As for retaining details of incorrect exposure under extreme backlighting, the dynamic range of the Leica SL appears to also perform better underexposed when pushed a couple of stops. But to be fair to the M10, the results were tainted by the lens flare defect of the APO 50. Still, the SL appears to retain details better than the M10.
The same can be said of the SL when overexposed and pulled a couple of stops. Again, the dynamic range of the SL appears to retain details better than the M10. However, it should be noted that making that determination wasn't immediately clear. It did take me some looking to be certain, but then I saw the details retained in Anna's eyes. That tipped the balance in favor of the the SL over the M10.
As for retaining details of overexposed highlights under direct sunlight at high ISO, I forgot to do that comparison. Alright, I goofed for real! However, if we were to extrapolate an answer from our existing backlit test shots, it would appear as if the Leica M10 isn't significantly better or worse than the Leica SL. Both exhibit more or less the same amount of clipping, and both appear to be able to retain details when overexposed by 2.5 stops. However, beyond that 2.5 stops, details are no longer recoverable.
A final note on usage. In pitch darkness or when the subject is blackened by extreme backlighting, it is impossible to focus on the subject with a rangefinder, like the M10. However, with the EVF of the SL, focusing under those extreme conditions is possible, given exposure simulation and focus magnification. It is not always about high ISO, dynamic range, and color rendering.
Last - I am going back on my word. I said I wasn't going to post any base line images. But I also promised many images with hot red background, which apparently, I haven't. So below are a set of images captured at high ISO and typical low light conditions.
Worth adding is the fine tuning of the exposure in post. Apparently, the flickering incandescent light source had a significant impact in exposure.
APPENDIX - HIGH ISO UNDER COMMON LOWER LIGHT CONDITIONS AT CORRECT EXPOSURE
Now that I've posted this baseline too, it does give me a better understanding why the Leica SL is better at high ISO and dynamic range. Clearly the evidence of horizontal banding is clearer on the M10 than on the SL. But with that said, the color rendering of the M10 is warmer and noticeably more pleasant, especially with regards to the shadows in skin tones.
I do love hot red. I love the Leica M10. And I still love the Leica SL.
Overall, the evidence would support the conclusion that the Leica SL has better high ISO and dynamic range than the Leica M10. In retrospect, this should not have been a surprise. There was actually a hint of that posted in the Part I preview of this comparison. I guess bias made me dismissive. All the more reason to conduct a comparison. And if not for the sake of verification, then just dumb curiosity, I guess.
Admittedly, there wasn't as much hot red as I had intended for this post. I guess I will have to remedy that in my next two posts. So please stay updated.

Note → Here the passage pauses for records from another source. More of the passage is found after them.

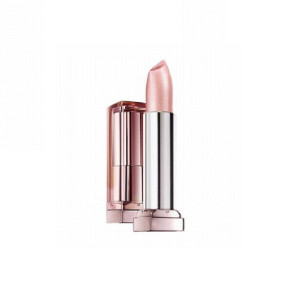 Помада Maybelline New York Жемчужное Обольщение 812 Нежный жемчуг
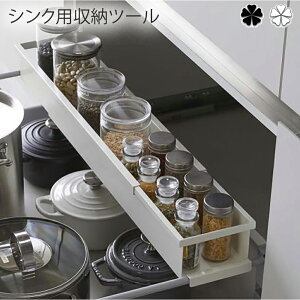 VNp[c[ Lb` VN LkbN ^[ X whEbk Lb` [ VN o i [bN bN Vv   V XbL  X^C 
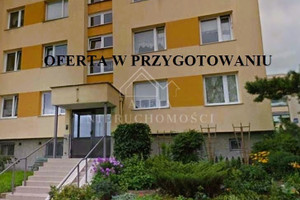 Mieszkanie na sprzedaż 34m2 Sopot Mazowiecka - zdjęcie 1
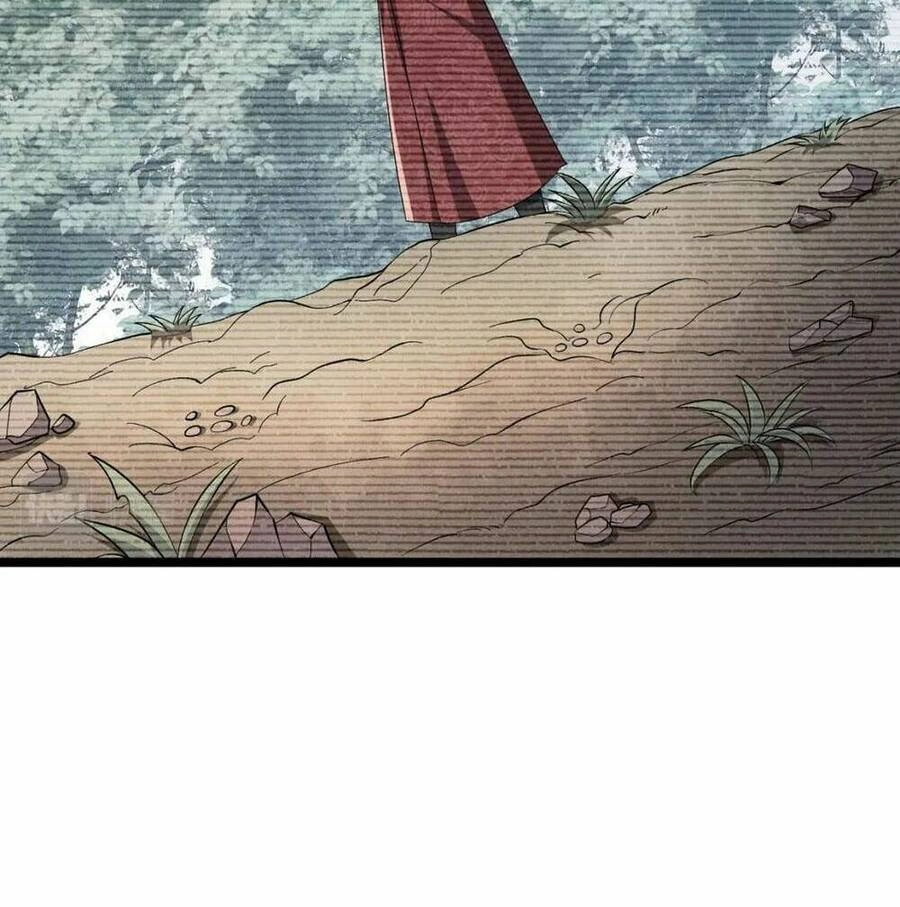 Đại Đường: Võ Thần Group Chat Chapter 45 - 29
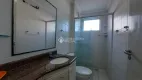 Foto 14 de Apartamento com 2 Quartos à venda, 68m² em Canasvieiras, Florianópolis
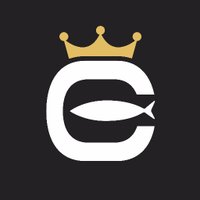 Cortland Line (@cortlandline) 's Twitter Profile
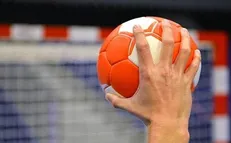 اعلام برنامه هفته سوم تا هفتم دور رفته لیگ برتر هندبال
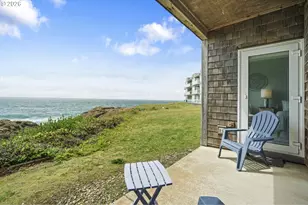 1113 N Hwy 101, Depoe Bay, OR 97341 - Photo 2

All comparisons used the same exposure settings except for the shutter speed. For some unknown reason, the Leica M10 required an additional stop of light in order to capture the same render as the Leica SL. All images were photographed with the APO 50mm f/2 Summicron ASPH - although the one fitted on the M10 was an earlier edition with the lens flare defect. All the images on this post were optimized at varying degrees on Lightroom, unless stated otherwise. None of the images were cropped (except of the title image).